Jed Lowrie Key To Solving Oakland Athletics’ Middle Infield Turmoil

Rick Scuteri-USA TODAY Sports

The Oakland Athletics starter Spring Training with a competition for the second base job between no less than three players.

By the time Opening Day is here, the team is probably thankful that they’ll have one.

A couple of injury scares to the players with inside tracks on the job will do that, and the team is now feeling the full effects of one of them being a little more than a scare, as Jemile Weeks is still not ready to return to the big league camp yet. According to Jane Lee of MLB.com, Weeks isn’t due back with the A’s until towards the end of the week, after taking the last couple of weeks to recover from a bruised shoulder.

As for Scott Sizemore? Well, the good news is that he’s returned from a scary looking hit-by-pitch on his left hand; the bad news? The 28-year old has struggled since his return, going 0-for-9 in his last four games with five strikeouts.

Sure, Adam Rosales and Eric Sogard are both doing pretty well in their Cactus League campaigns (.897 and .911 OPS respectively), but they’re really playing more for a backup spot on the bench as opposed to a starting role.

The reason? Jed Lowrie.

In fact, you could say that this is the exact reason why the A’s traded for the super-utility man to begin with. Lowrie has started both at second and shortstop this spring, and owns a nice .375/.483/.708 triple slash over 10 games, with a pair of homers.

At the rate things are going with Weeks and Sizemore, Oakland isn’t going to have much choice other than to take the utility tag away from their new acquisition and find a regular spot for him to play.
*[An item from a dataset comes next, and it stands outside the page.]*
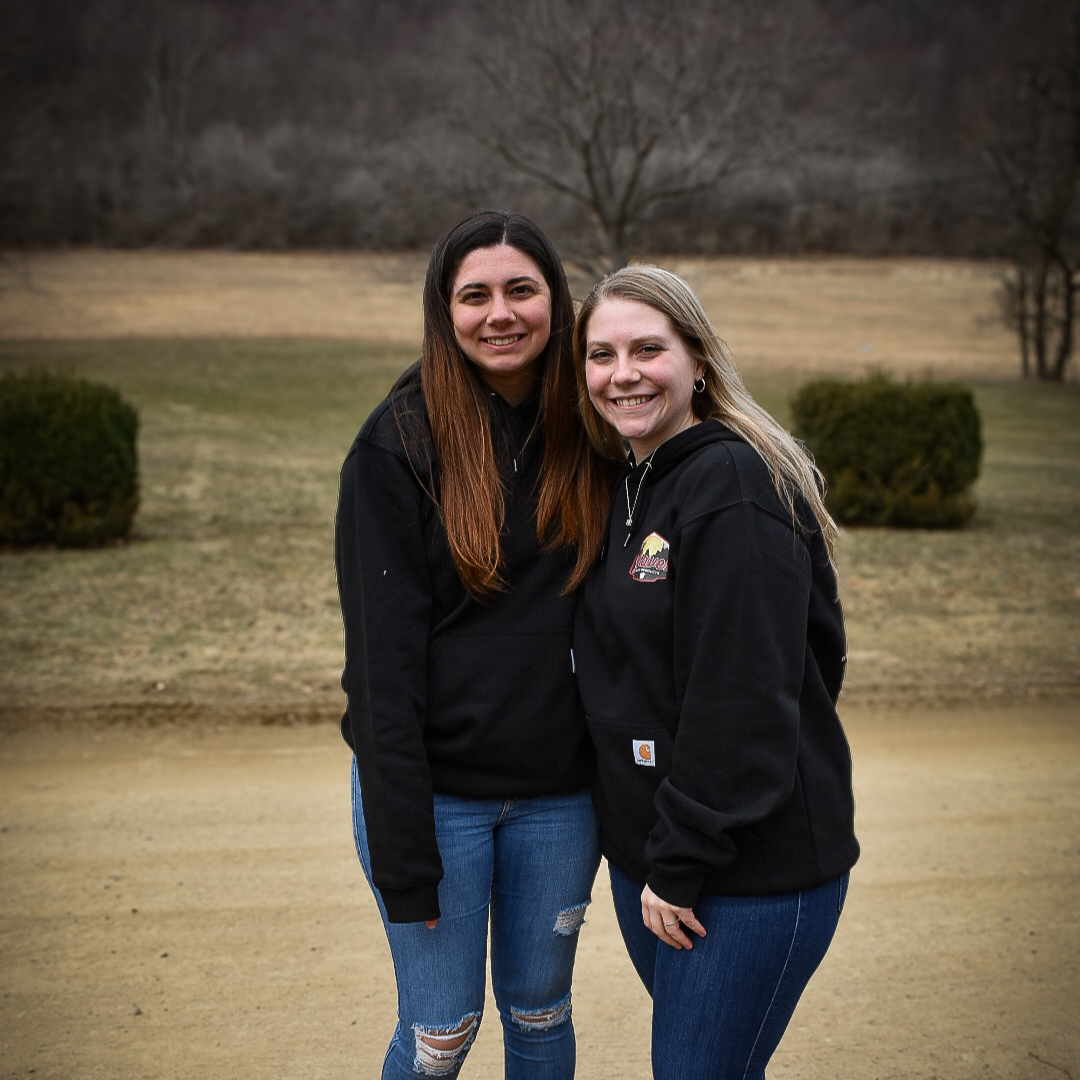 Two Graves Maple Products employees standing outdoors in a grassy field with fall foliage and trees in the background during maple syrup season.
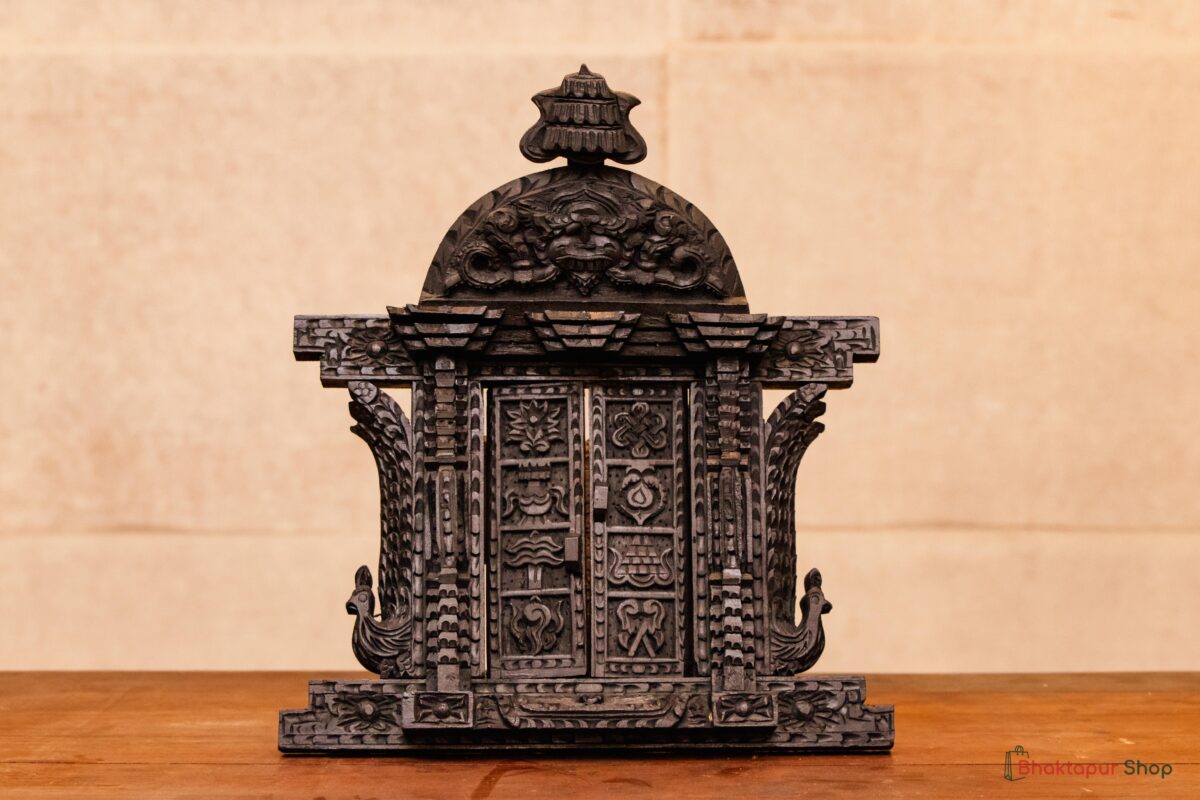 Decorative wooden door with Astamangal symbols and toran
Except there might just be a problem with that, too.

According to Danny Knobler of CBS Sports, the A’s Hiroyuki Nakajima experience isn’t exactly going as well as planned — and perhaps rightfully so, considering that the Japanese free agent has 10 strikeouts over his 24 spring at-bats.

So, there could essentially be a couple of positions that could use Lowrie as a potential full-time player. Given that Nakajima is a newcomer, though, I suspect that he’ll be given a bit of a longer leash to get adjusted, which should mean that the team may want to focus more attention on their second base competition gone wrong.

Either way, Lowrie will have come in to camp without having a position to play, only end up being the glue that holds the A’s infield together by the time the season opens.

Just another day on the job for a super-utility man, then.